Warehouses and DCs are about to experience what is meant by the cliché, "Knowledge is power," because it won't just be product, boxes and pallets that you'll move. Data will become one of the biggest items material handlers will transport from point A to point B in the next few years. You'll be responsible for sending data simultaneously to multiple receiving customers and systems.

But that challenge should not be too much of a problem. Whether it's an item or a bit, moving is moving, and material handlers are experts at it. The fundamentals of moving will remain. Storing all that data may be an issue; however, technologists are fast at work on creating greater storage media for the ever-increasing amounts of data being created, gathered, logged and transmitted.

One of your greater challenges will be managing the change that wireless technology will bring to warehousing. You can execute processes and procedures the same way you've always done, just faster and more conveniently with the new technology. The greater benefit will be to use the information you collect to alter how processes and procedures are done, to find ways to take out unproductive time and effort. In effect, you'll need to promote change.

"You can gain insights into the movement of orders and the numbers of orders," says Gil Bautista, principal for warehouse mobility solutions, Symbol's Cross Industry Solutions Group. "Then you can take that information and pre-plan orders for the next day, or wave pick or take advantage of other plan-ahead opportunities that real data in real time will give you."
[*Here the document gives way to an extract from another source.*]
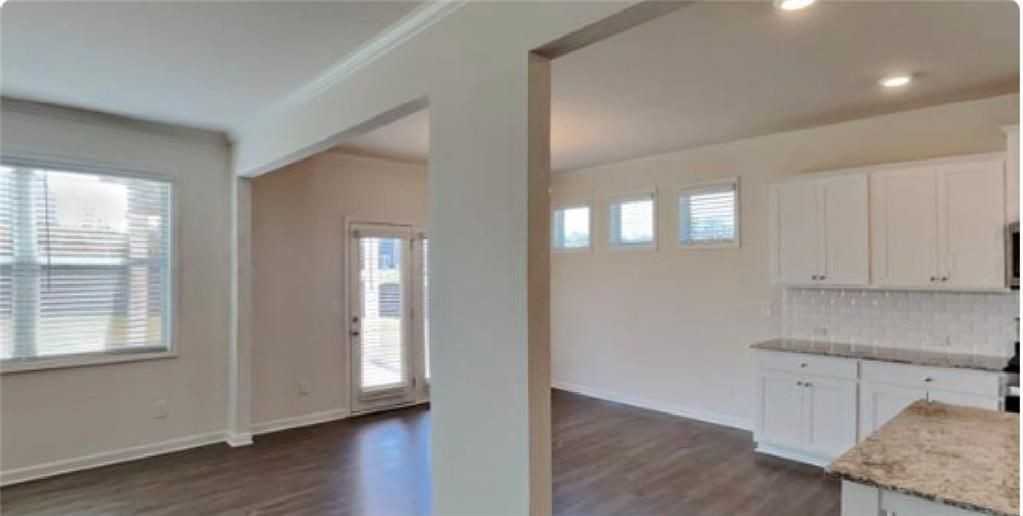 4610 Bramblett Grove Place - Photo 4 of 24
You will also be able to see how right-now data will integrate warehousing processes in ways never imagined before, including bringing data in from the yard. The dream has been to have various software tools work together instead of sending data to one program, then on to another and so on. Simultaneous wireless transmission of data may be the key to optimizing the functions of all the programs you've installed over the last few years.

Perhaps the greatest challenge facing material handlers, though, will be in finding the right employees who understand warehousing processes and yet are comfortable with the new technology tools, and comfortable enough to innovate. When computers came to the office, it created a lot of changes for employees. A similar revolution is expected in warehousing thanks to the new tools. But managers face several challenges with the labor pool. Language barriers, educational levels and differing skill levels can be resolved through training, but will companies invest in more than rudimentary training? Then, how will managers handle the challenges of retaining employees they've spent time and money training? Warehousing is known for high employee turnover.

Wireless tools will "up the ante," turning warehouse employees into "knowledge-workers." Finally, they will have tools that will enable them to fine-tune warehouse and DC practices and procedures that will enable productivity improvements reminiscent of those obtained by office workers after the office computer.

When considering wireless for your processes, don't focus on the hardware. Focus instead on the data. Wireless offers interesting opportunities. Material handlers are already expert at moving objects. Data will not be very different. The hard part for material handlers will be to manage change.